SummingMergeTree engine¶
The engine inherits from MergeTree. The difference is that when merging data parts for SummingMergeTree
Data Sources, the database replaces all the rows with the same primary key with one row which contains summarized values for the columns with the numeric data type. If the sorting key is composed in a way that a single key value corresponds to large number of rows, this significantly reduces storage volume and speeds up data selection.
Remember that, if not specified, the ENGINE_PRIMARY_KEY
matches the ENGINE_SORTING_KEY
.
Use the SummingMergeTree engine together with MergeTree
. Store complete data in MergeTree
table, and use SummingMergeTree
for aggregated data storing. Such an approach prevents you from losing valuable data due to an incorrectly composed primary key.
AggregatingMergeTree is generally a better choice because it allows more operations and behaves similarly to SummingMergeTree.
Query clauses¶
When creating a SummingMergeTree
table, the same clauses as when creating a MergeTree
table are required.
Usage example¶
summing_merge_tree.datasource
SCHEMA > `key` UInt32, `value` UInt32 ENGINE "SummingMergeTree" ENGINE_SORTING_KEY "key"

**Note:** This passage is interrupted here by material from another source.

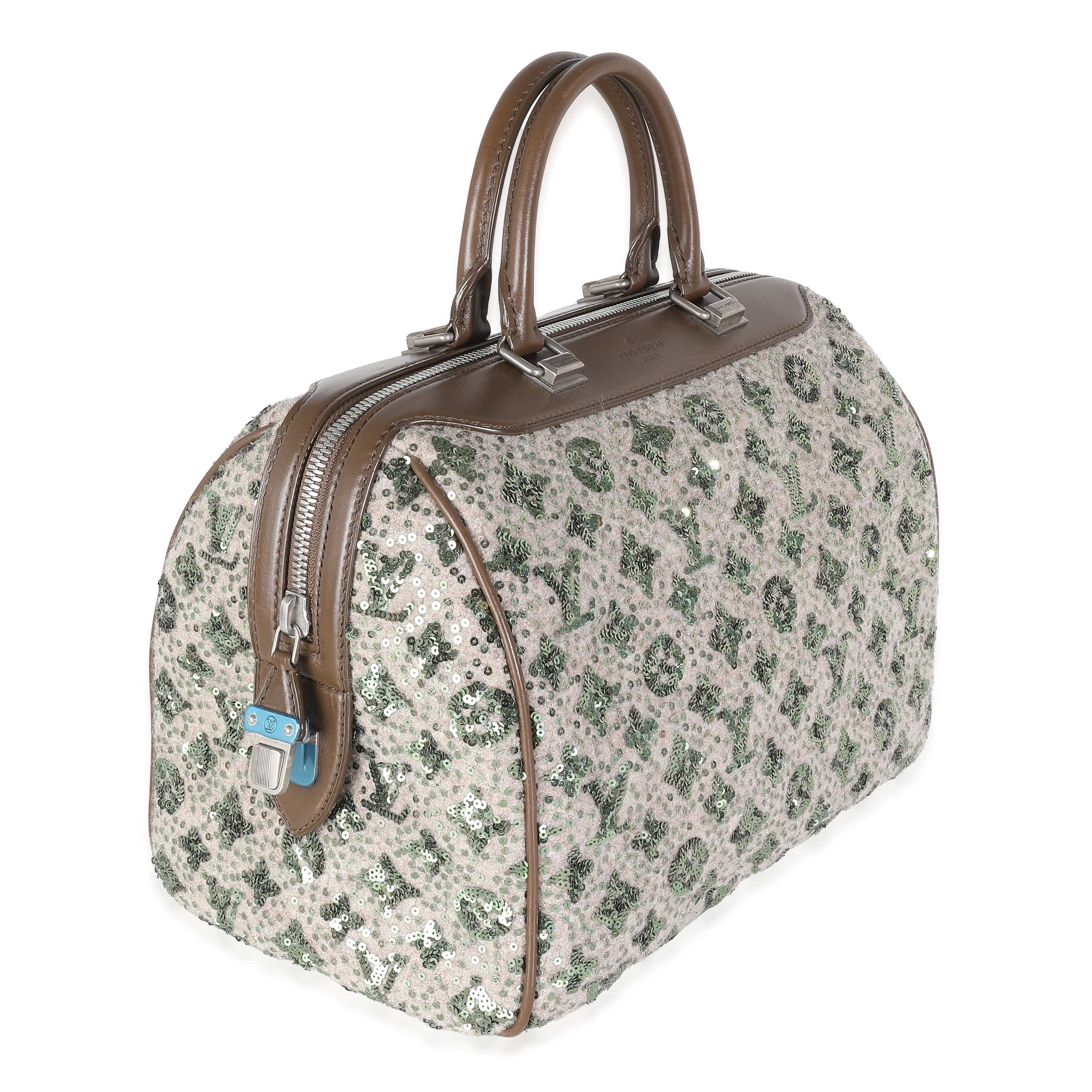 Louis Vuitton Louis Vuitton Special Edition 2012-2013 Runway Speedy 30 ULL1010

$ cat fixtures/summt.csv key,value 1,1 1,2 2,1 $ tb datasource append summing_merge_tree fixtures/summt.csv $ tb sql "SELECT key, sum(value) FROM summing_merge_tree GROUP BY key" ┌─key─┬─sum(value)─┐ │ 1 │ 3 │ │ 2 │ 1 │ └─────┴────────────┘
Data Processing¶
When rows are inserted into a Data Source, they are saved as-is. SummingMergeTree engine merges the inserted parts of data periodically and this is when rows with the same primary key are summed and replaced with one for each resulting part of data.
Merge process is async and trigger can't be controlled, i.e. the summation will be incomplete. Therefore when querying, the aggregate function sum()
and GROUP BY
clause should be used as described in the example above.
Common Rules for Summation¶
The values in the columns with the numeric data type are summarized. If the values were 0 in all of the columns for summation, the row is deleted. If the column isn't in the primary key and isn't summarized, an arbitrary value is selected from the existing ones.
The values aren't summarized for columns in the primary key.
Summation in the Aggregatefunction Columns¶
For columns of the AggregateFunction type, SummingMergeTree engine behaves as the AggregatingMergeTree engine, aggregating according to the function.
Settings¶
For a list of supported settings, see Engine settings.